Populations and Samples

•A population consists of all items of interest for a particular decision or investigation. •A sample is a subset of the population. •Most populations are too large to deal with, thus sampling is necessary. •The purpose of sampling is to obtain sufficient information to draw a valid inference about a population.

Frequency Distribution

•Categorical data naturally define the groups in a frequency distribution. •A frequency distribution is a table that shows the number of observations in each of several non-overlapping groups. A graphical depiction of a frequency distribution in the form of a column chart is called a histogram. •To construct a frequency distribution, you need only count the number of observations that appear in each category.
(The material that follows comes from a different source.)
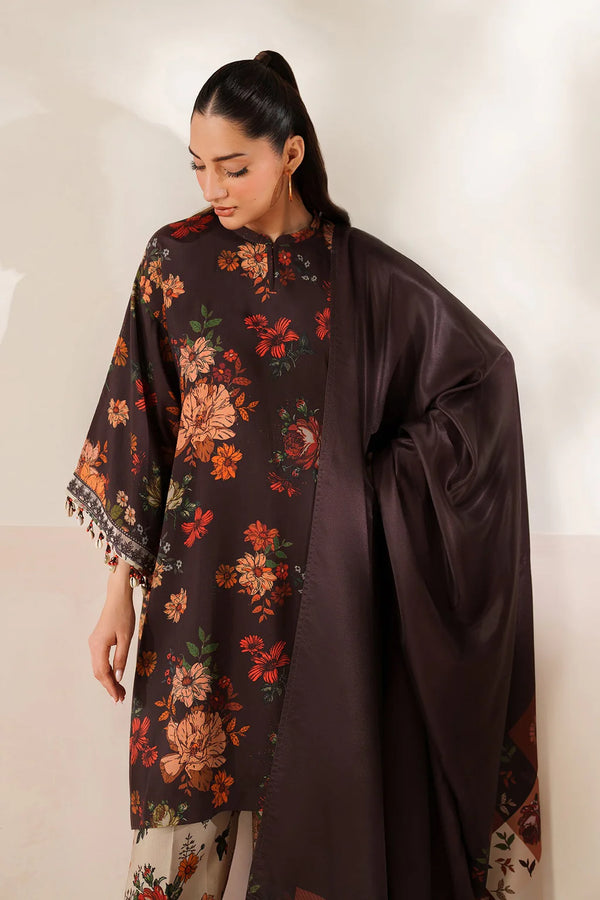 BAROQUE - 3PC USTITCHED VISCOSE PRINTED SHIRT WITH VISCOSE PRINTED DUPATTA AND TROUSER-12634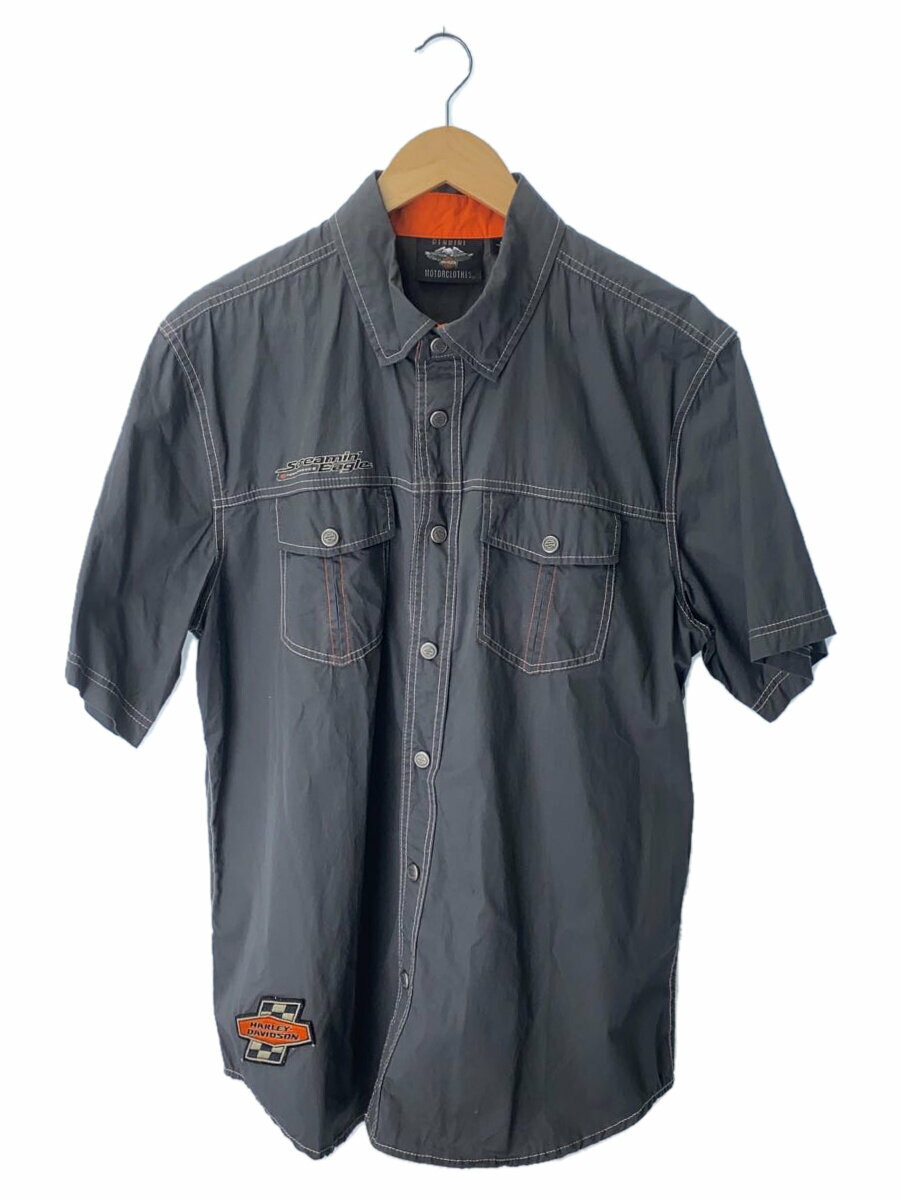 【中古】HARLEY DAVIDSON◆半袖シャツ/L/コットン/GRY/無地【メンズウェア】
This can be done using the Excel COUNTIF function. •Frequencies may be expressed as a fraction, or proportion of the total; this is called relative frequency.

Dispersion in Statistics

•Dispersion refers to the degree of variation in the data, that is, the numerical spread (or compactness) of the data. Several statistical measures characterize dispersion: the range, interquartile range, variance, and standard deviation. •The range is the easiest to compute, and is the difference between the maximum value and the minimum value in the data set. •The difference between the first and third quartiles is often called the interquartile range, or the midspread. •A more commonly used measure of dispersion is the variance, whose computation depends on all of the data. The larger the variance, the more the data is spread out from the mean. •Essentially, the variance is the average of the squared deviations of the observations from the mean. •The standard deviation is the square root of the variance. The standard deviation is a popular measure of risk, particularly in financial analysis.

PivotTables

•Excel provides a powerful tool for distilling a complex database into meaningful information: PivotTables. PivotTables allows you to create custom summaries and charts of key information in the data and to drill down into a large set of data in numerous ways. •Dragging a field into the Filters area in the PivotTable field list allows you to add a third dimension to your analysis. •You may express the data in a PivotTable in various percentage views, such as the percentage of the grand total, percent of row total, percent of column total, and other options.

How would 10 raised to the power of 2 × 5 raised to the power of 3/ 100 - 73 be represented in an Excel spreadsheet?

•Formulas in Excel use common mathematical operators: •Addition + •Subtraction - •Multiplication * •Division / •Raised to the Power of (Exponentiation) ^ 10^2 * 5^3 / 100 -73

Measures of Shape

•Histograms of sample data can take on a variety of different shapes. •Skewness describes the lack of symmetry of data. •Histograms that have more mass of data on the left and tail off to the right are called positively skewed. Those that have more mass on the right and tail off to the left are called negatively skewed. •The coefficient of skewness measures the degree of asymmetry of observations around the mean. •Kurtosis refers to the peakedness or flatness of a histogram.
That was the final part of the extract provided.